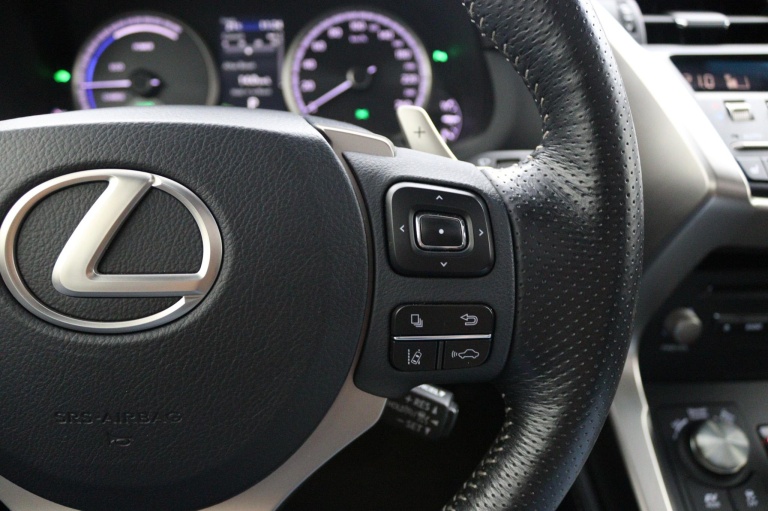 Lexus NX - 300h AWD F F SPORT Line 21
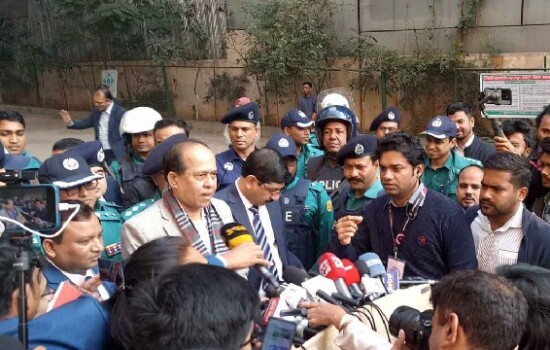 কে ভোট দেবে, কে দেবে না; সেটা দেখার দায়িত্ব আমাদের না: সিইসি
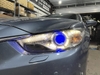 Độ bi pha cos Mazda 6
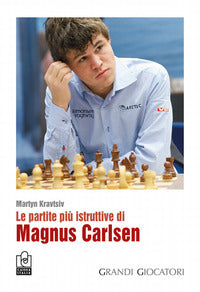 Partite piu' istruttive di magnus carlsen 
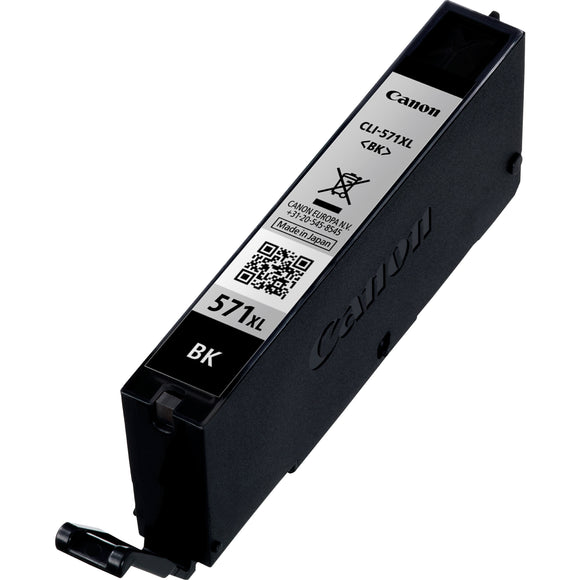 Canon cli-571bk xl — illustration complémentaire (Icecat)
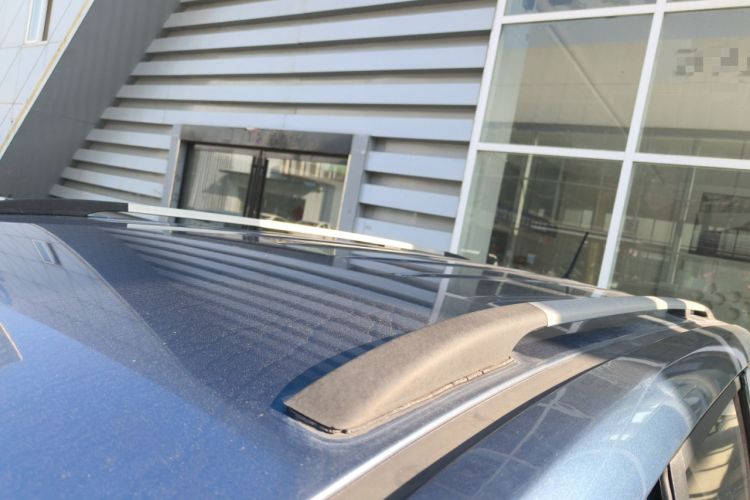 Used FORTHING S500 2016 1.5L Manual Luxury Model Roof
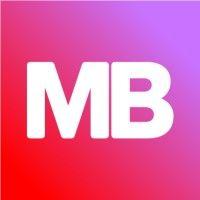 mb brand communications logo image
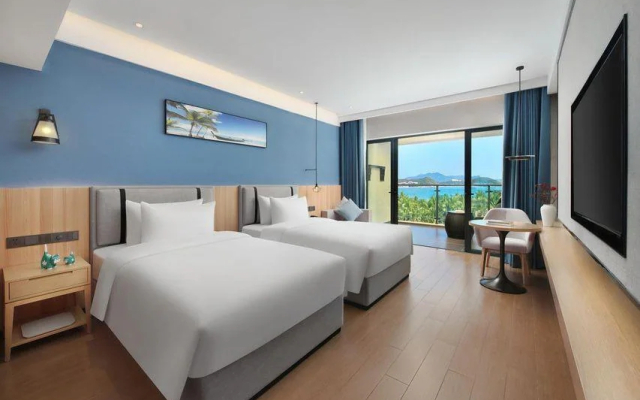 Landscape Beach Hotel Sanya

**TASK ITEM**
Copy out every entry above exactly. Leave the pictures out.

**YOUR SOLUTION**
 Lexus NX - 300h AWD F F SPORT Line 21
 কে ভোট দেবে, কে দেবে না; সেটা দেখার দায়িত্ব আমাদের না: সিইসি
 Độ bi pha cos Mazda 6
 Partite piu' istruttive di magnus carlsen 
 Canon cli-571bk xl — illustration complémentaire (Icecat)
 Used FORTHING S500 2016 1.5L Manual Luxury Model Roof
 mb brand communications logo image
 Landscape Beach Hotel Sanya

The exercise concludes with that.